Modeling the Phenomenon of Intertidal Mussel Beds: Local Biotic Feedback in Gradients of Physical Forcing

C.D. Robles, California State University, Los Angeles, USA

The populations of mussels and barnacles inhabiting rocky seashores are an important test bed for general ecological theory. Theory prevailing for 30 years maintains that upper shore zones of these species form only in a spatial refuge above the reach of predators, a limit set by the regime of tidal immersion. As an alternative to this static verbal model, the authors present a dynamic model, which they reconcile with concepts of engineering control theory.

Beds of the mussel Mytilus californianus are the most massive and visually striking biological structures of temperate seashores. The beds have abrupt boundaries, even though major environmental gradients are comparatively gradual. Upper and lower boundaries of the mussel zone converge as one travels from high to low wave energy locations.

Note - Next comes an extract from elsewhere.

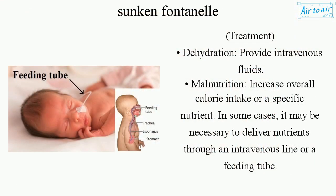Treatment: For dehydration, provide intravenous fluids. For malnutrition, increase overall calorie intake or a specific nutrient. In some cases, it may be necessary to deliver nutrients through an intravenous line or a feeding tube.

These distributional features were simulated with stochastic cellular automata in which boundaries were set by equilibria between mussel productivity (recruitment and growth) and mortality (principally size-specific predation). Rates of production and mortality varied gradually with wave energy (horizontal dimension) and tidal emergence (vertical dimension), and they were modified at any point in the gradients by spatial configurations of the size classes of the mussels in the neighborhood of the point. Such neighborhood effects exerted feedback that produced clustering of individuals, thus the abruptness of boundaries. Forcing of mussel recruitment, growth, and predation by varying wave action over the horizontal dimension results in vertical shifts in the shore level at which the equilibria occur, accounting for the convergence of boundaries. The authors term these spatially structured dynamics the "adjusted equilibriums hypothesis."